By Michael Winfrey
PRAGUE (Reuters) - Growth in eastern Europe should accelerate only slightly this year as domestic demand recovers, but trouble in the euro zone periphery, wide budget deficits and inflation pressures still pose risks, the IMF said on Thursday.
In its regional economic outlook for Europe, the International Monetary Fund said it saw the region expanding 4.3 percent in 2011 and 2012, from 4.2 percent in 2010.
But it added that a high level of non-performing loans continued to weigh on banking sectors and high commodity prices could spur inflation.
It saw full-year inflation of 7.3 percent in 2011, slowing to 6.2 percent next year, and urged the region's central banks to remain vigilant.
"Monetary policymakers will need to stay on high alert," the Fund said. "Even countries with well-anchored inflation expectations may find it hard to avoid second-round effects if first-round effects are large or persistent, as global commodity prices rise disproportionately over the medium term."
The IMF said strong economic ties to the euro zone exposed it to risks of the potentially escalating debt crisis in the single currency area's weaker members, as western banks could cut their lending exposure to emerging Europe if they were to take a significant hit.
It said that although the region had so far been shielded from contagion, authorities should tackle wide fiscal gaps.
"Consolidation needs to rebuild fiscal buffers. This will improve key fiscal indicators and thus diminish the risk of financial tensions in the euro area spilling eastward," it said.
"It will also help contain inflationary pressures and support the monetary tightening that is already underway in several countries."
GROWTH PICKING UP, MOSTLY
Fiscal deficits in the region -- where nine countries have active or precautionary deals with the IMF -- should decline from 4.5 percent of gross domestic product in 2010 to 2.5 percent in 2011 and 2012, mainly due to Russia, the Fund said.
But it said public debt as a percentage of GDP would grow in two thirds of the countries and high fiscal deficits showed vulnerabilities in Latvia, Lithuania, Poland and Romania. It also said the region's fiscal position no longer compared favorably with emerging markets in Asia and Latin America.
It remained optimistic on the recovery, predicting the former Soviet CIS countries would lead the region's recovery with growth of 4.5 percent or higher this year.

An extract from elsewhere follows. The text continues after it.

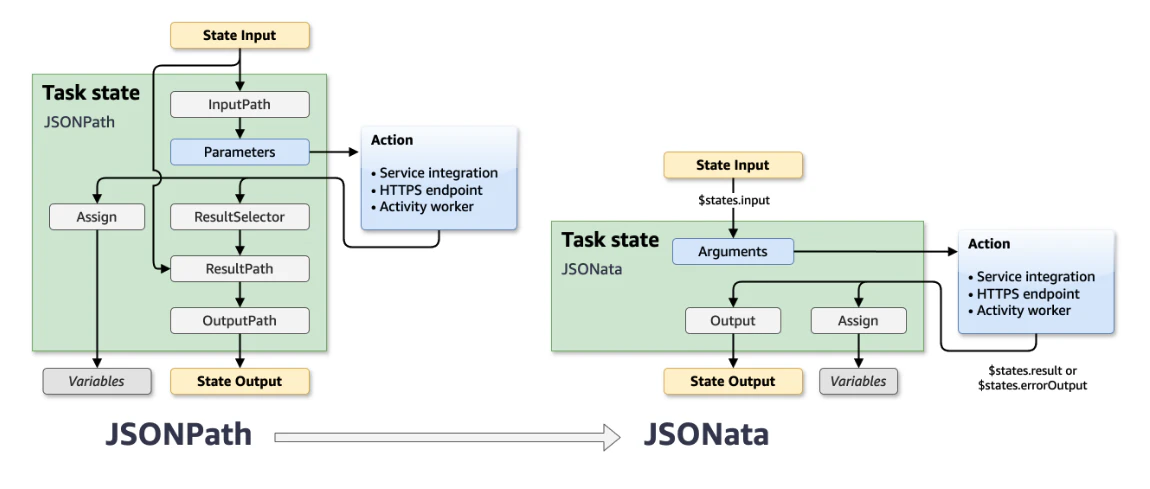 JSONPathとJSONataの違い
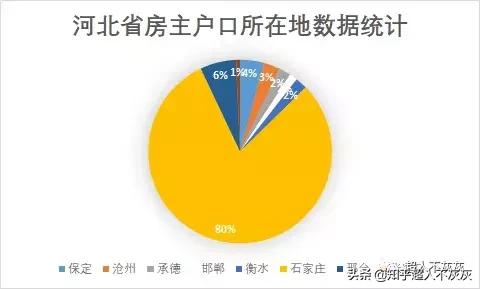 石家庄长安区学区排名,石家庄重点学区新楼盘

It expects Belarus to lead the region with 6.8 percent growth in 2011. Russia was seen growing 4.8 percent this year, slightly faster than its southern peer Turkey at 4.6 percent.
Among the European Union's newest members, Poland was seen flat at 3.8 percent this year before slowing slightly in 2012. Hungary was seen growing 2.8 percent each year, but Romania was expected to accelerate its pace to 4.4 percent next year.
"Domestic demand will become the main pillar of growth as it catches up to recover in those countries where it had languished," the Fund said. It added bank lending still lagged.